St. Vincent de Paul was a shepherd boy who became a priest and a great Apostle of Charity. Born in Southern France in 1581, he was educated at Toulouse where he was ordained to the priesthood. First a country pastor, then a missionary in rural districts of France he was later appointed chaplain to the galley slaves. In 1625, he founded the Priests of the Mission (C.M.), called Vincentians after him, to evangelize the people in the country districts. In 1632, he founded the Daughters of Charity, the first modern congregation of sisters, devoted, as their name shows, to all the works of charity. He was one of the founders of the seminary movement in France and dedicated himself to the training of the clergy. He died on September 27, 1660 at the age of seventy-nine and was canonized in 1727.
St. Catherine Labouré is chiefly famous for being the one who received the vision of the well-known Miraculous Medal in 1830. She was a Daughter of Charity, born in France in 1806 and died in Paris seventy years later. There was little of the extraordinary in her life. She seems to have been distinguished only for her fidelity to the rule of her congregation.
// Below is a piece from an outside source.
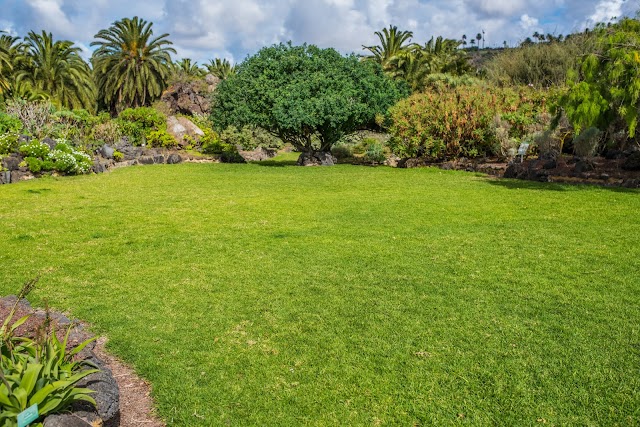 Jardín Botánico Canario Viera y Clavijo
St. Louise de Marillac, born in Paris in 1591, was married in 1613 to Antoine Le Gras and widowed twelve years later. Under the direction of St. Vincent de Paul, she founded the Daughters of Charity in 1629 and spent over thirty years in this work. She died with a reputation for holiness in 1660.
(drawn from a document prepared by Reverend William O’Shea, D.D. for the dedication of the First Solemn Mass in Saint Ambrose Church, Cheverly Maryland)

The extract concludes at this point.